While I consider a full-blown QFD analysis an overkill at that stage, creating a QFD-like matrix of pitching the requirements against the prioritized quality attributes is a great enabler for early and fast decisions regarding the software architecture. And again having the quality attributes ranked might give a hint on what to do first in the walking skeleton.
Story mapping - building a narrative
Finally, we’re talking stories and start building a lean backlog. My method of choice to create a backlog is story mapping. The goal of the story map is to create a narrative of the desired features and bring them into context with each other. First I want to be able to tell the high-level narrative, and only then do I start refining the stories. Be rigorous with prioritizing here, anything not strictly necessary gets chucked out or deferred to later. Since we’re at the beginning of development the user stories are still very coarse and might lack acceptance criteria. This is fully intentional, slicing them and creating the full lean backlog will come later.
Double-check the stakeholder map against the story map frequently. If some of the core stakeholders are not found on the story map, chances are that a vital part of the product is missing or that our stakeholder analysis is off.
Defining a walking skeleton - One vertical spike
Almost there! The narrative for the product is set, so let’s go lean! Lean and agile development means getting early and frequent feedback. Our first goal is to define the minimal set of features needed to determine if the base use case of the product is viable or not. As a rule of thumb, anything that either concerns stakeholders not in the core circle or that concerns special cases gets deferred to later for now. Ask for any story: “can we start with a workaround at the beginning?” For instance, instead of automatically processing the billing for an e-shop as “can we handle it manually over email for the first 100 customers?”
It pays out to be radical here and trim the walking skeleton down to the absolute minimum.
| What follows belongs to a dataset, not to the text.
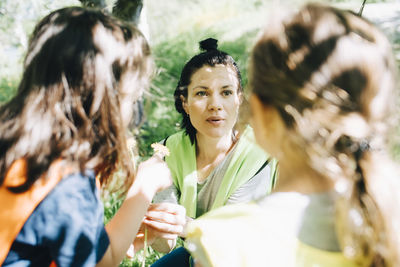 High angle view of teacher talking with girls in playground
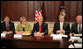 President George W. Bush joins members of the Academic Competitiveness Council Monday, March 6, 2006, during a meeting at the Eisenhower Executive Office Building. From left are: Secretary Norman Mineta, Department of Transportation; Secretary Margaret Spellings, Department of Education; Secretary Carlos Gutierrez, Department of Commerce, and Secretary Samuel Bodman, Department of Energy. White House photo by Kimberlee Hewitt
No fancy extra work, no edge cases unless they are legally required. For most products that I worked on the walking skeleton could be defined in less than ten stories. Of course, they will get split later, but if the core use case cannot be explained in ten sentences or less, chances are that the walking skeleton is still too complicated.
… And off we go
At that point, development can begin in earnest. Refine and slice the first story to a usable size and start coding, build the architecture, and set up the CI/CD environment. Setting the context from product vision to story map typically takes a few days at most and the first story or spike should be ready within days or at most a few weeks to get early feedback. Bear in mind that the story map is a living document and will change frequently. Compare the narrative with what you learned since the last iteration and adapt. The stakeholder map, vision, and quality criteria tend to have a longer lifespan but nevertheless take them up frequently. Make these documents visible in your daily stand-ups and do over them in detail whenever you talk about the longer future like when building an agile road-map.